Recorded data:
####

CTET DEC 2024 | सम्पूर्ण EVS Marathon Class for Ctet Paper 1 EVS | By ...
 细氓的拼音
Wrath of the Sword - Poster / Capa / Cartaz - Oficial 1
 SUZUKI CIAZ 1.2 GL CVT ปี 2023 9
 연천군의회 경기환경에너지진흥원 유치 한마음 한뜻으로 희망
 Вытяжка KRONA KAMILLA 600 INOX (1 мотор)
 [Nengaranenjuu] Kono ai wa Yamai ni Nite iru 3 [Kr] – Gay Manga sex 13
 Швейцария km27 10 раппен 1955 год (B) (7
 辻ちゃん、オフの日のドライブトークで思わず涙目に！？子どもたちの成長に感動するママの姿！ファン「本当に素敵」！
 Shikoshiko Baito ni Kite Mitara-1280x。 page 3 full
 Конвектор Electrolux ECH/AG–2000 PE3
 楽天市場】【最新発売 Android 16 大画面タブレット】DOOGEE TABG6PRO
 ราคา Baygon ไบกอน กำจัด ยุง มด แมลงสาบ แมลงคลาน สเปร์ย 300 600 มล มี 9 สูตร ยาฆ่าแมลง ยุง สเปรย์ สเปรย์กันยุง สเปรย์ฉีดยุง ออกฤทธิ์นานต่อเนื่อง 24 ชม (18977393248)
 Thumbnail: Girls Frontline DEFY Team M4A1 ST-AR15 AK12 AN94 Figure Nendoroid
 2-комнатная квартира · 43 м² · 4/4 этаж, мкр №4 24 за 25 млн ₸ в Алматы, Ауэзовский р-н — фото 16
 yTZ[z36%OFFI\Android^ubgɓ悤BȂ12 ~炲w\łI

####

**Problem:** Could you print the lines above, exactly as written, from the line containing "楽天市場】【最新発売 Android 16" through the final one?

**Task output:**
 楽天市場】【最新発売 Android 16 大画面タブレット】DOOGEE TABG6PRO
 ราคา Baygon ไบกอน กำจัด ยุง มด แมลงสาบ แมลงคลาน สเปร์ย 300 600 มล มี 9 สูตร ยาฆ่าแมลง ยุง สเปรย์ สเปรย์กันยุง สเปรย์ฉีดยุง ออกฤทธิ์นานต่อเนื่อง 24 ชม (18977393248)
 Thumbnail: Girls Frontline DEFY Team M4A1 ST-AR15 AK12 AN94 Figure Nendoroid
 2-комнатная квартира · 43 м² · 4/4 этаж, мкр №4 24 за 25 млн ₸ в Алматы, Ауэзовский р-н — фото 16
 yTZ[z36%OFFI\Android^ubgɓ悤BȂ12 ~炲w\łI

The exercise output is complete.